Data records

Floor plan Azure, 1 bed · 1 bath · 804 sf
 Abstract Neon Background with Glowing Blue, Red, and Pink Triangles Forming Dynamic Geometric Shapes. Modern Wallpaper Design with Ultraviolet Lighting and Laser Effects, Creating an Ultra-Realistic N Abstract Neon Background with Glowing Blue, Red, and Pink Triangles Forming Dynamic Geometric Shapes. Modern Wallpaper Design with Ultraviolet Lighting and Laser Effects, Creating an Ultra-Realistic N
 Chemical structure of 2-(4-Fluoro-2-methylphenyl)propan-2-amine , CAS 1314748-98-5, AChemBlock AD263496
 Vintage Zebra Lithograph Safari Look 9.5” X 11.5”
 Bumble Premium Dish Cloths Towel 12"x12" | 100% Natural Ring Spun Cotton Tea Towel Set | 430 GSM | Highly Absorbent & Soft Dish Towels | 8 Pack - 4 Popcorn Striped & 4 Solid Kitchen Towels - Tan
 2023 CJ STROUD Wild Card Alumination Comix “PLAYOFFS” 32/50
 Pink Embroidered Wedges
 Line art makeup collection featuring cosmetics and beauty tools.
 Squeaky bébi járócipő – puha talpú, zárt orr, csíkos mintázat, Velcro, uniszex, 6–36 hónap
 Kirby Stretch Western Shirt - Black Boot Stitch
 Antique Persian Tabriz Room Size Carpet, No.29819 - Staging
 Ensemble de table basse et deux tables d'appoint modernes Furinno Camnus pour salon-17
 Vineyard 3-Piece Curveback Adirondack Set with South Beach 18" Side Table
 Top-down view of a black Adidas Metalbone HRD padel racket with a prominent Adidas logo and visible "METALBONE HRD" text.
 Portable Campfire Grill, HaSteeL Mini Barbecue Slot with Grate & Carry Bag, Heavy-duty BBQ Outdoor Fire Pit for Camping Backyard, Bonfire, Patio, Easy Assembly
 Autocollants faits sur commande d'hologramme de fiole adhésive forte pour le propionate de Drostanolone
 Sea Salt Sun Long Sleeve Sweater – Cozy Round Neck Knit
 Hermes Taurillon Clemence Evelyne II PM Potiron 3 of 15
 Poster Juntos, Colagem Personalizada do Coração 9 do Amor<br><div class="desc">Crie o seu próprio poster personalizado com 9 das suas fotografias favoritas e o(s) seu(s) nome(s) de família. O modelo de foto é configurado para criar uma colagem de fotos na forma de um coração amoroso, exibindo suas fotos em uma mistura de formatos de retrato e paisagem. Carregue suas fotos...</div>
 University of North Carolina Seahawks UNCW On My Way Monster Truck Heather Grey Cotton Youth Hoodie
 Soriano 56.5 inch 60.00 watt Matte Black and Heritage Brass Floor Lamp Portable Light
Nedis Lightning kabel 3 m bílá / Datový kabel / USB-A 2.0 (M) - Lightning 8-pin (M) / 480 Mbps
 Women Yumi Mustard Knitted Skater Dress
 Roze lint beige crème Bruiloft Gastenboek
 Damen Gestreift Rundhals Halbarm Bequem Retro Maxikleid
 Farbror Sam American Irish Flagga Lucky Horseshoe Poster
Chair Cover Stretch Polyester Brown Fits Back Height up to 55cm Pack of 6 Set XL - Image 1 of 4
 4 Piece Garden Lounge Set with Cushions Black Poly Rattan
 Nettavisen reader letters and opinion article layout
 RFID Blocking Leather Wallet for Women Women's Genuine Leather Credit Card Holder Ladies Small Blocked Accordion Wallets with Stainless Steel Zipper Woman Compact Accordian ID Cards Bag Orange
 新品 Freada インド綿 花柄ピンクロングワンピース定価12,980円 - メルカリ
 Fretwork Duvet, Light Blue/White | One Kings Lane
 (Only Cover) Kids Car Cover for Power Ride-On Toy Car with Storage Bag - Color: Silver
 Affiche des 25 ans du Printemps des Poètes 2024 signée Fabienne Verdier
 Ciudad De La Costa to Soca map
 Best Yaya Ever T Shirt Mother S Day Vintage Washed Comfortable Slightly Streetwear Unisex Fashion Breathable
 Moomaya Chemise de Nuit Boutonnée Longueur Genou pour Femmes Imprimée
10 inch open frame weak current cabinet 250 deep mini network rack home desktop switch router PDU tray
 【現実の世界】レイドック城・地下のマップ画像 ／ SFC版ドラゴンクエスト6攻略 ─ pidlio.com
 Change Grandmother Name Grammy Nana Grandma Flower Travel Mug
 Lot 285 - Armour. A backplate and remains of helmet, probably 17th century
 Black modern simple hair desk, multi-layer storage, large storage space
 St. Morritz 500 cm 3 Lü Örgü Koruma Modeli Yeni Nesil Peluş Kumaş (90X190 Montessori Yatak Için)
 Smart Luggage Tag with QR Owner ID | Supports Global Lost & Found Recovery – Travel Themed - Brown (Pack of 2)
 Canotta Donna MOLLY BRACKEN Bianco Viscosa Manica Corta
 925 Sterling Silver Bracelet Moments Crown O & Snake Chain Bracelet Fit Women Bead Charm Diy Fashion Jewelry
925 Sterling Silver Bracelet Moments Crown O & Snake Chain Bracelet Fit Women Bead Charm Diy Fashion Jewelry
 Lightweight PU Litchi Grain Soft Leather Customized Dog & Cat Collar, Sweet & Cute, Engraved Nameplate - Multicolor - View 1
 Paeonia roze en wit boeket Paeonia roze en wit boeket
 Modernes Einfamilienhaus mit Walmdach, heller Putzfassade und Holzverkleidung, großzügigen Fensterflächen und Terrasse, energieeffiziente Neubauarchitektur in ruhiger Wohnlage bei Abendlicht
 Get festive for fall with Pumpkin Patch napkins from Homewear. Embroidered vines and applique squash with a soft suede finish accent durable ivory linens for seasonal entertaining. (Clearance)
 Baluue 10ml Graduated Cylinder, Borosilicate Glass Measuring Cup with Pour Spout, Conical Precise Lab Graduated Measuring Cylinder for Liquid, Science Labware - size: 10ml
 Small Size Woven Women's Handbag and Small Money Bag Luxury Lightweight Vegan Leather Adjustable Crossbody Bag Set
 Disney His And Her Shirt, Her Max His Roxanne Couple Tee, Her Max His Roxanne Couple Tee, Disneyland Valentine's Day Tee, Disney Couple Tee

▶ **Work task**:
The lines needed run from the first line of the data through the line containing "Top-down view of"; give them again exactly and nothing else.

▶ **Result for this exercise**:
Floor plan Azure, 1 bed · 1 bath · 804 sf
 Abstract Neon Background with Glowing Blue, Red, and Pink Triangles Forming Dynamic Geometric Shapes. Modern Wallpaper Design with Ultraviolet Lighting and Laser Effects, Creating an Ultra-Realistic N Abstract Neon Background with Glowing Blue, Red, and Pink Triangles Forming Dynamic Geometric Shapes. Modern Wallpaper Design with Ultraviolet Lighting and Laser Effects, Creating an Ultra-Realistic N
 Chemical structure of 2-(4-Fluoro-2-methylphenyl)propan-2-amine , CAS 1314748-98-5, AChemBlock AD263496
 Vintage Zebra Lithograph Safari Look 9.5” X 11.5”
 Bumble Premium Dish Cloths Towel 12"x12" | 100% Natural Ring Spun Cotton Tea Towel Set | 430 GSM | Highly Absorbent & Soft Dish Towels | 8 Pack - 4 Popcorn Striped & 4 Solid Kitchen Towels - Tan
 2023 CJ STROUD Wild Card Alumination Comix “PLAYOFFS” 32/50
 Pink Embroidered Wedges
 Line art makeup collection featuring cosmetics and beauty tools.
 Squeaky bébi járócipő – puha talpú, zárt orr, csíkos mintázat, Velcro, uniszex, 6–36 hónap
 Kirby Stretch Western Shirt - Black Boot Stitch
 Antique Persian Tabriz Room Size Carpet, No.29819 - Staging
 Ensemble de table basse et deux tables d'appoint modernes Furinno Camnus pour salon-17
 Vineyard 3-Piece Curveback Adirondack Set with South Beach 18" Side Table
 Top-down view of a black Adidas Metalbone HRD padel racket with a prominent Adidas logo and visible "METALBONE HRD" text.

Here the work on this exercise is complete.